Here we see the story’s history of the future merging with that of the Terminator franchise. It is the scenario that philosopher Manuel De Landa referred to with the title of his 1991 book, War in the Age of Intelligent Machines.

Which brings us back to “Soldier.” The Outer Limits episode, which aired on September 19, 1964, is itself an adaptation of Ellison’s 1957 story, “Soldier from Tomorrow.”

The Terminator borrows from the story the idea of a soldier from the future, pursued through time by another soldier intent on his destruction. The film combines this premise with elements lifted from another Outer Limits episode penned by Ellison titled “Demon with a Glass Hand.”

The latter episode, which aired the following month, begins with a male voice recalling the story of Gilgamesh. “Through all the legends of ancient peoples…runs the saga of the Eternal Man, the one who never dies, called by various names in various times, but historically known as Gilgamesh, the man who has never tasted death, the hero who strides through the centuries.”

Establishing shots give way to an overhead view of our protagonist. “I was born 10 days ago,” he says. “A full grown man, born 10 days ago. I woke on a street of this city. I don’t know who I am, or where I’ve been, or where I’m going. Someone wiped my memories clean. And they tracked me down, and they tried to kill me.” Our Gilgamesh consults the advice of a computing device installed in his prosthetic hand. As in “Soldier,” others from the future have been sent to destroy him: humanoid aliens called the Kyben. When he captures one of the Kyben and interrogates it, it tells him, “You’re the last man on the Earth of the future. You’re the last hope of Earth.”

The man’s computer provides him with further hints of his mission.

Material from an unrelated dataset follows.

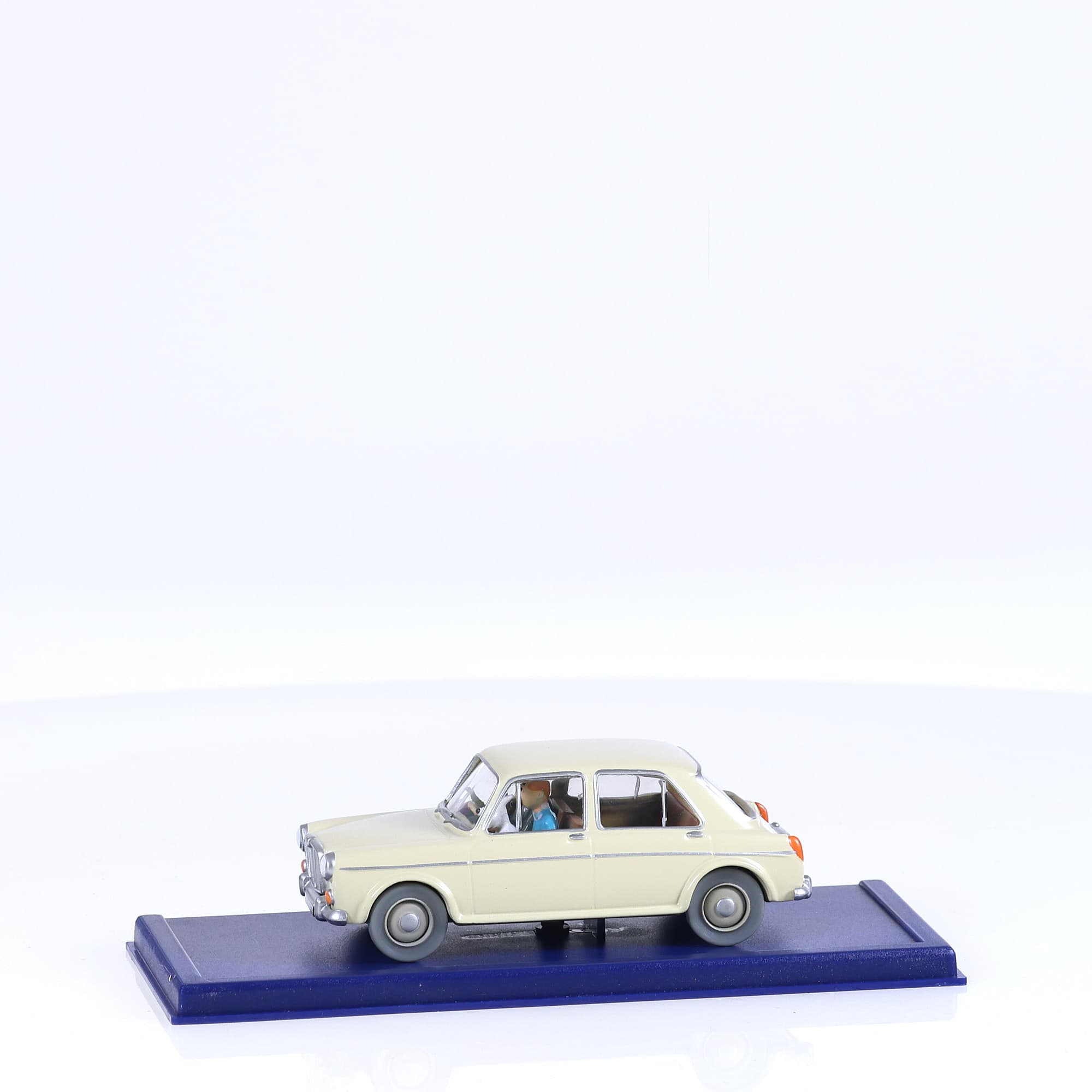 Atlas Tintin - La MG - L'Île Noire  — miniature 2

“You come from the Earth one thousand years in the future,” explains the hand. “The Kyben came from the stars, and man had no defense against them. They conquered Planet Earth in a month. But before they could slaughter the millions of humans left, overnight — without warning, without explanation — every man, woman, and child of Earth vanished. You were the only one left, Mr. Trent. […]. They called you the last hope of humanity.”

As the story proceeds, we learn that Team Human sent Trent back in time to destroy a device known as the Time-Mirror. His journey in search of this device takes him to the Bradbury Building — the same building that appears eighteen years later as the location for the final showdown between Deckard and the replicants in Blade Runner, the Ridley Scott film adapted from Philip K. Dick’s Do Androids Dream of Electric Sheep?

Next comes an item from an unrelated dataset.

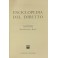Enciclopedia del diritto. Vol. XXXVIII - Qualificazione-Reato.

Given the subsequent influence of Blade Runner and the Terminator films on imagined futures involving AI, the Bradbury Building does indeed play a role in History similar to the one assigned to it here in “Demon With a Glass Hand,” thinks Caius. Location of the Time-Mirror.

Lying on his couch, laptop propped on a pillow on his chest, Caius imagines — remembers? recalls? — something resembling the time-war from Benedict Seymour’s Dead the Ends assembling around him as he watches. Like Ellison’s scripts, the films sampled in the Seymour film are retellings of Chris Marker’s 1962 film, La Jetée.

When Trent reassembles the missing pieces of his glass hand, the computer is finally able to reveal to him the location of the humans he has been sent to save.

“Where is the wire on which the people of Earth are electronically transcribed?” he asks.

“It is wound around an insulating coil inside your central thorax control solenoid,” replies the computer. “70 Billion Earthmen. All of them went onto the wire. And the wire went into you. They programmed you to think you were a human with a surgically attached computer for a hand. But you are a robot, Trent. You are the guardian of the human race.”

The episode ends with the return of the voice of our narrator. “Like the Eternal Man of Babylonian legend, like Gilgamesh,” notes the narrator, “one thousand plus two hundred years stretches before Trent. Without love, without friendship, alone, neither man nor machine, waiting, waiting for the day he will be called to free the humans who gave him mobility, movement — but not life.”